* PROVIDED DATA *
===

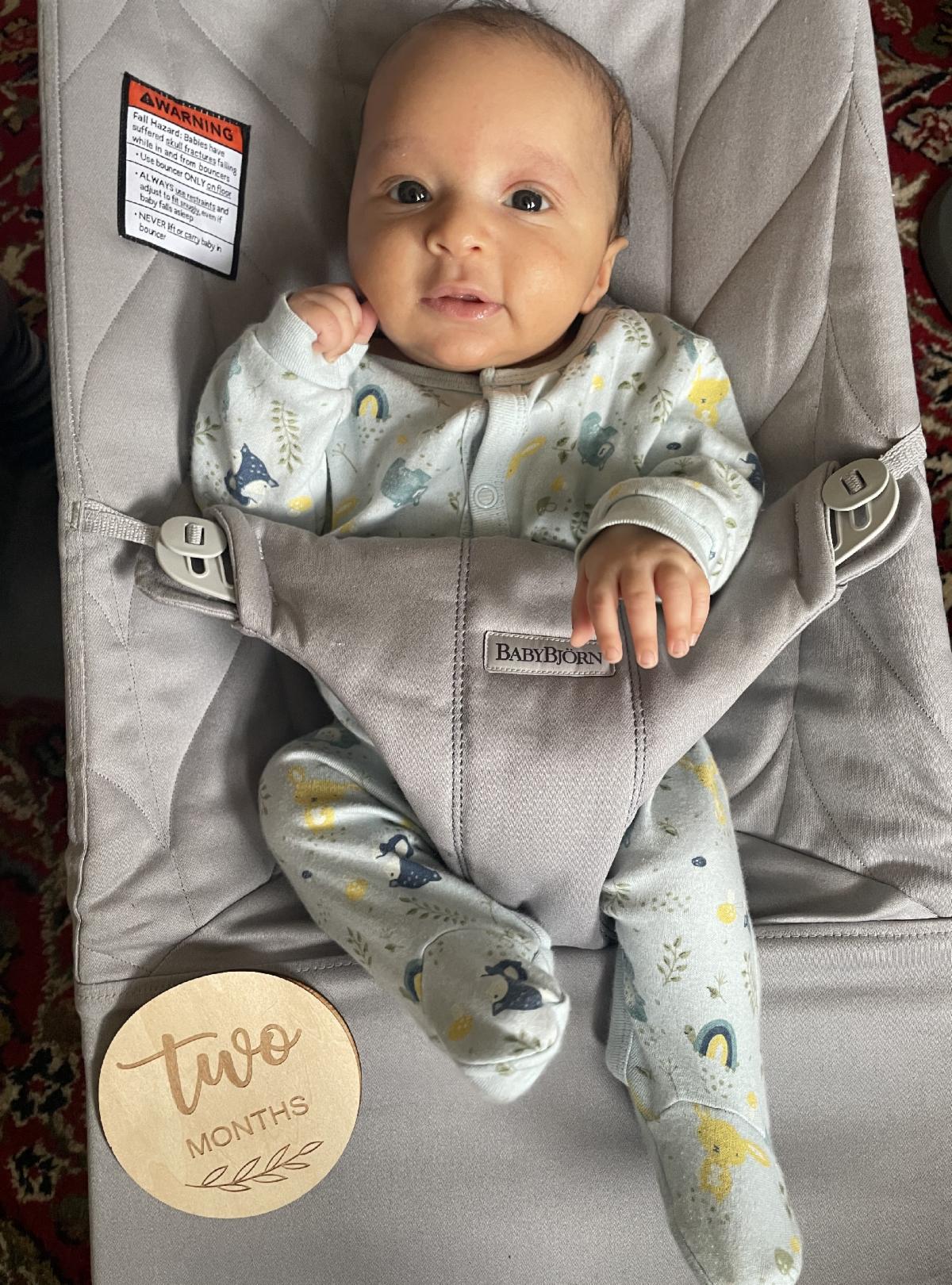 Baby _2 Embryo Adoption Services of Cedar Park March 26 newsletter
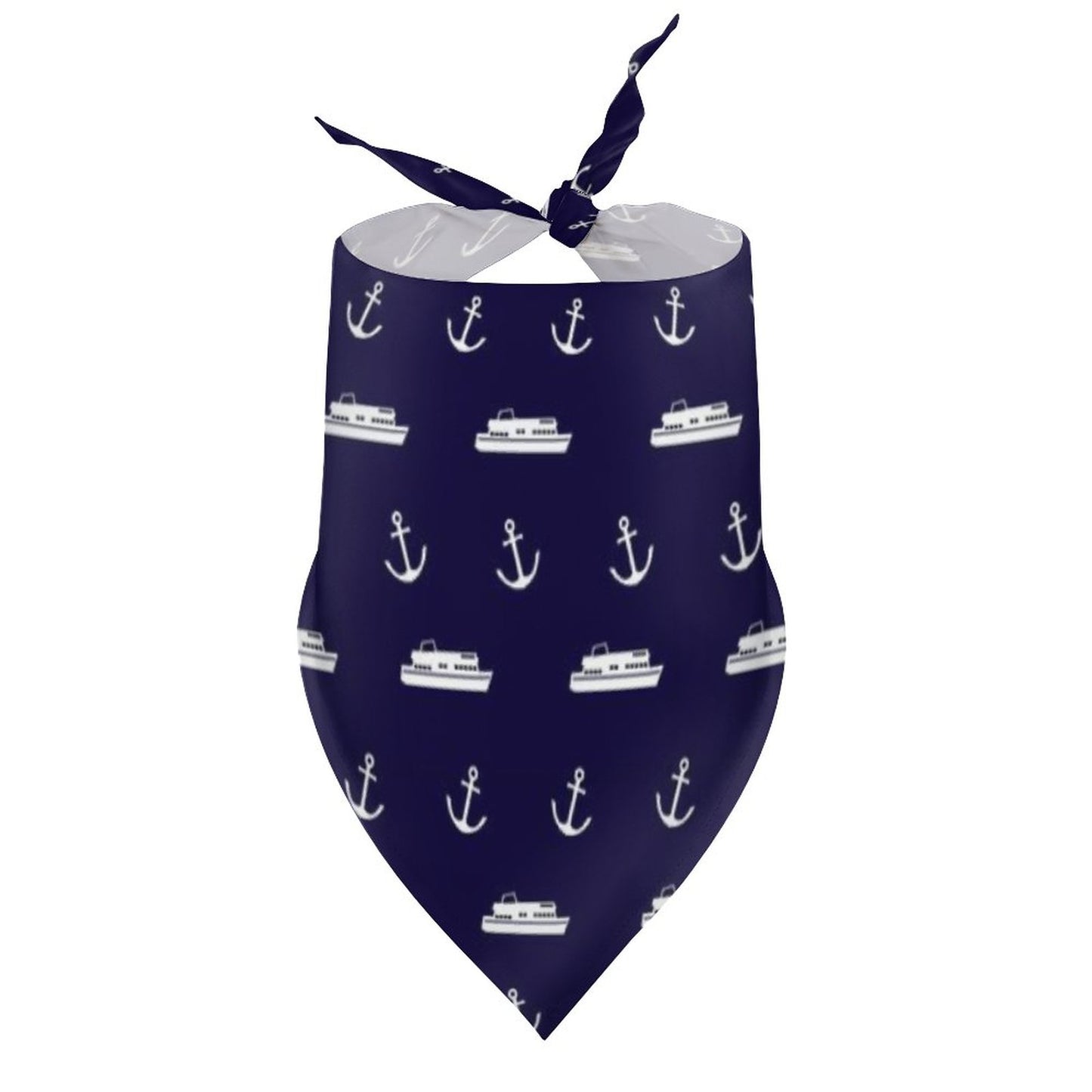 Pet Tie-On Bandana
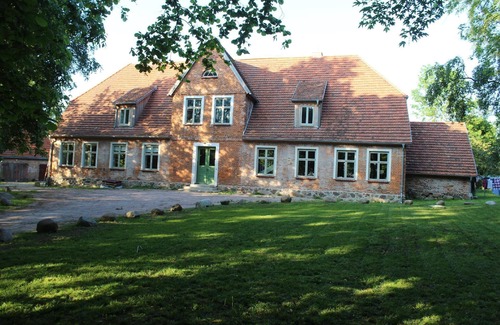Dummerstorf Apartment | Holiday apartment Petschow for 1 - 5 persons with 2 bedrooms - Holiday apartment in one or multi-fam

===

* PROBLEM DETAILS *
Return the material from above in full, exactly as written, with the pictures omitted.

* RESPONSE TO THIS EXERCISE *
 Baby _2 Embryo Adoption Services of Cedar Park March 26 newsletter
 Pet Tie-On Bandana
Dummerstorf Apartment | Holiday apartment Petschow for 1 - 5 persons with 2 bedrooms - Holiday apartment in one or multi-fam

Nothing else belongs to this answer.